Le recul du nombre de transactions a été observable en 2023 dans toutes les catégories de propriétés et ce sont les régions métropolitaines de Gatineau, Montréal et Sherbrooke qui ont encaissé les plus forts reculs avec des baisses respectives de 15 %, 14 % et 14 %.

La hausse des taux d’intérêt a notamment freiné l’ardeur des premiers acheteurs de maison, ceux-ci préférant attendre une embellie de ce côté, tout comme les taux élevés ont amené les vendeurs à reporter leur projet de réaliser une transaction.

Un renversement de tendance

Or il semble que l’embellie espérée soit bel et bien en train de se produire.
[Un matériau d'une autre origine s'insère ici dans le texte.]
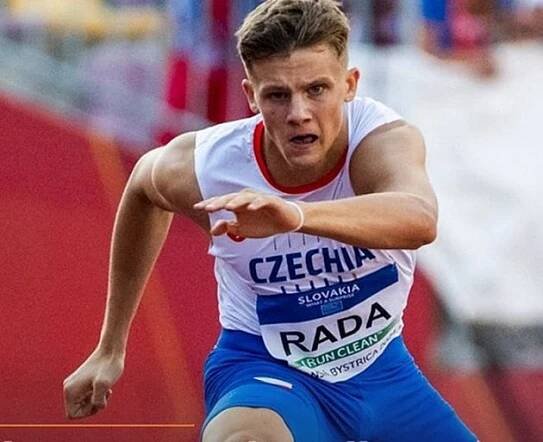 Michal Rada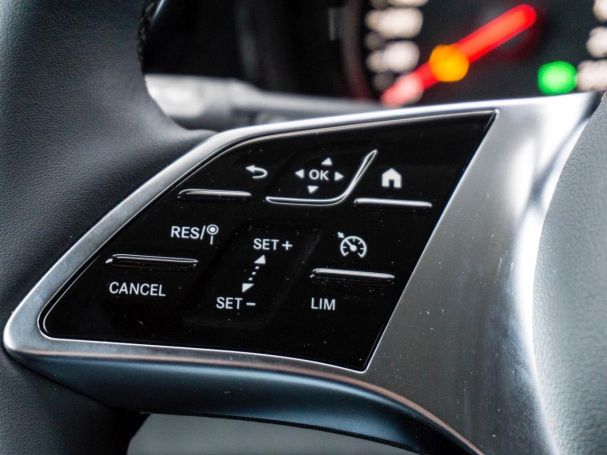 Mercedes-Benz T 180 d PROGRESSIVE Standard MBUX Navi Kamera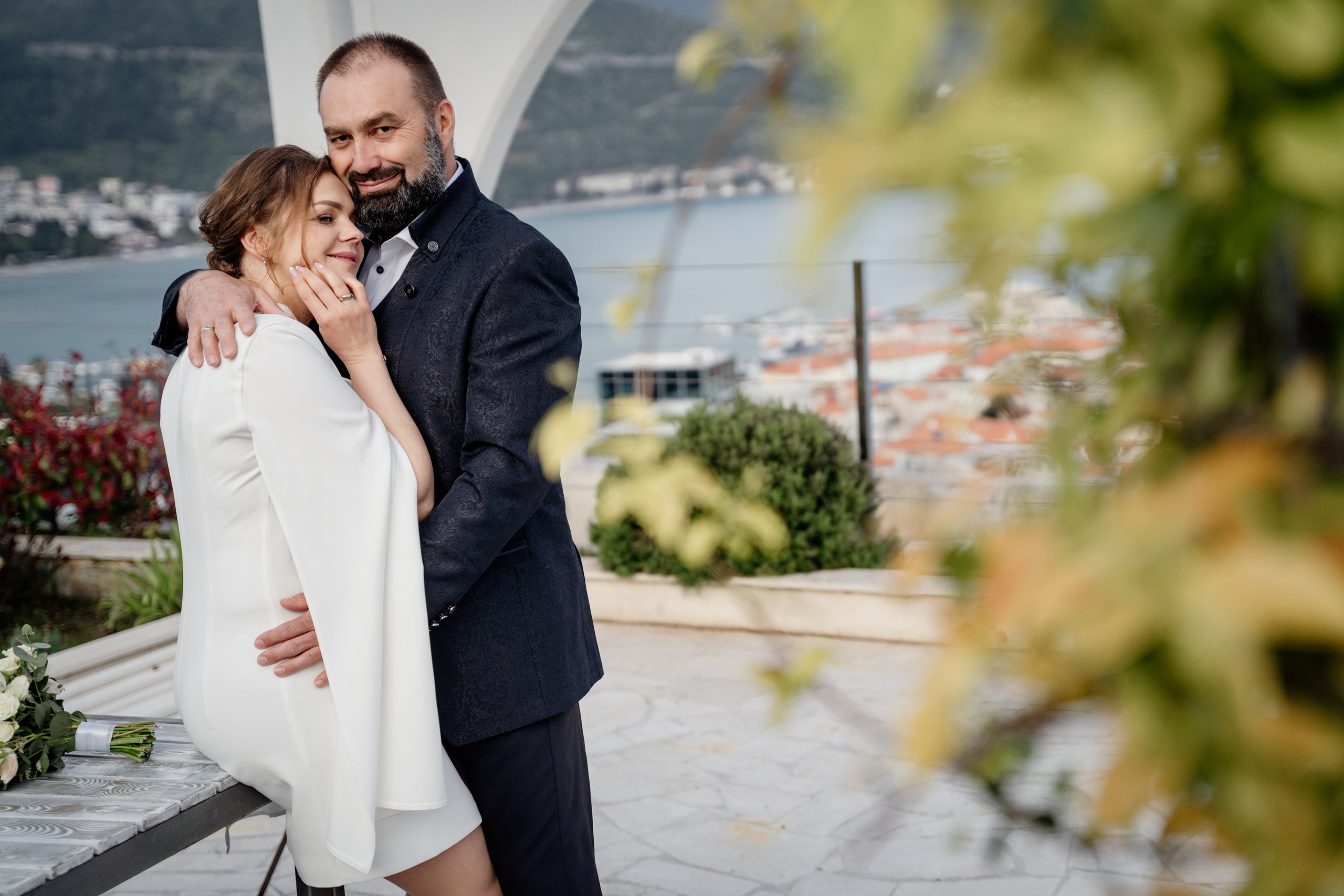 Wedding Photographer in Montenegro for Your Big Day. Photographer in Montenegro | Фотограф в Черногории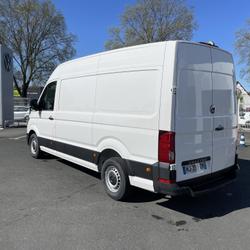 Volkswagen Crafter CRAFTER VAN 30 L3H3 2.0 TDI 140 CH BUSINESS Deauville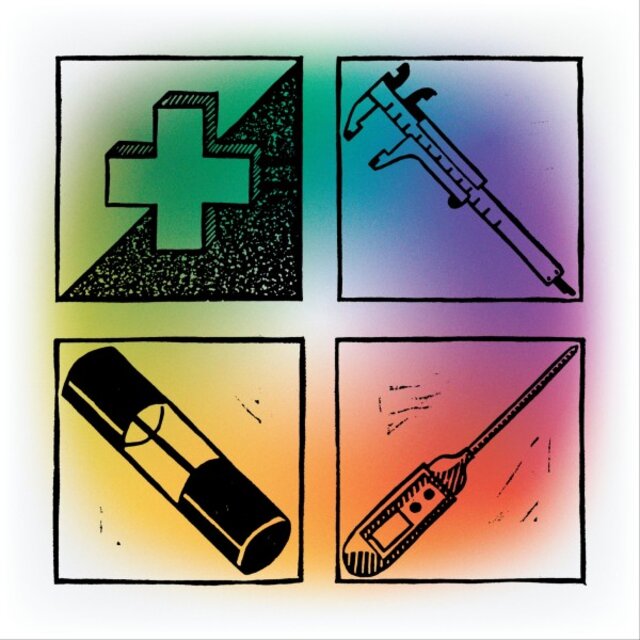 Club Metrics Remixes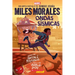 Miles Morales: Ondas Sísmicas (Miles Morales: Shock Waves)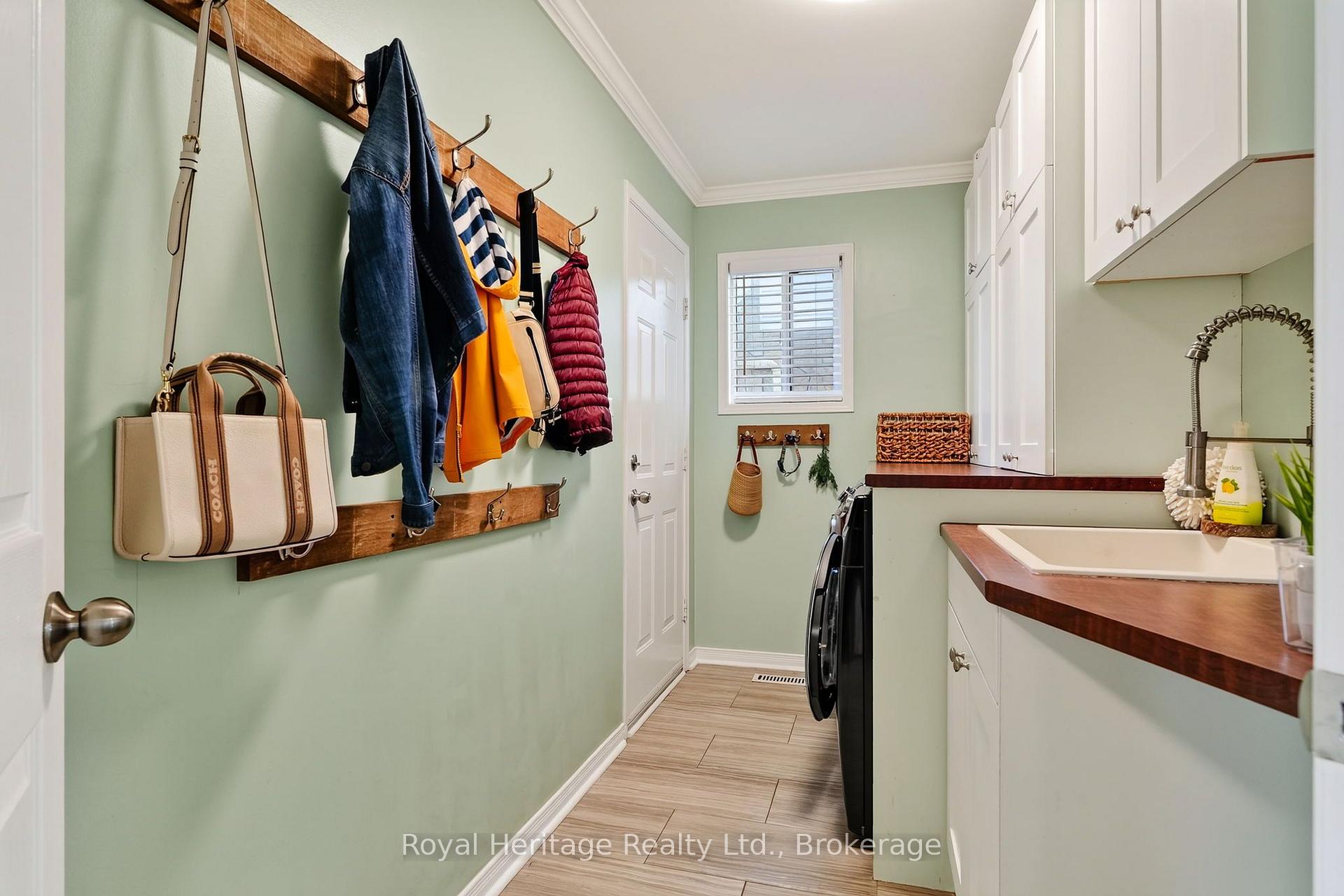 Photo 22 of 49 Bradshaw Street, Clarington, Bowmanville — HOMEH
C’est la quatrième fois depuis le mois de juillet que la Banque du Canada décide de laisser inchangé son taux directeur, ce qui marque une stabilisation du contexte inflationniste et laisse envisager une baisse prochaine des taux d’intérêt.

Cet optimisme est déjà observable dans le comportement des emprunteurs hypothécaires qui ont recommencé à réaliser des transactions, comme me l’explique Sylvain Mantha, directeur général de la firme de courtage Multi-Prêts Hypothèques.

Le marché a cassé en 2023, observe le spécialiste, alors qu’on a enregistré une baisse de 37 % du nombre de transactions hypothécaires en début d’année parce que le contexte demeurait fortement incertain et que les taux continuaient d’augmenter à chaque nouvelle annonce de la Banque du Canada.

Depuis que la banque centrale a cessé de hausser son taux directeur en juillet, le recul du nombre de transactions a chuté à 20 % par rapport à l’année précédente alors qu’en décembre dernier, on n’enregistrait plus qu’une baisse de 5 % par rapport à l’ensemble de 2022.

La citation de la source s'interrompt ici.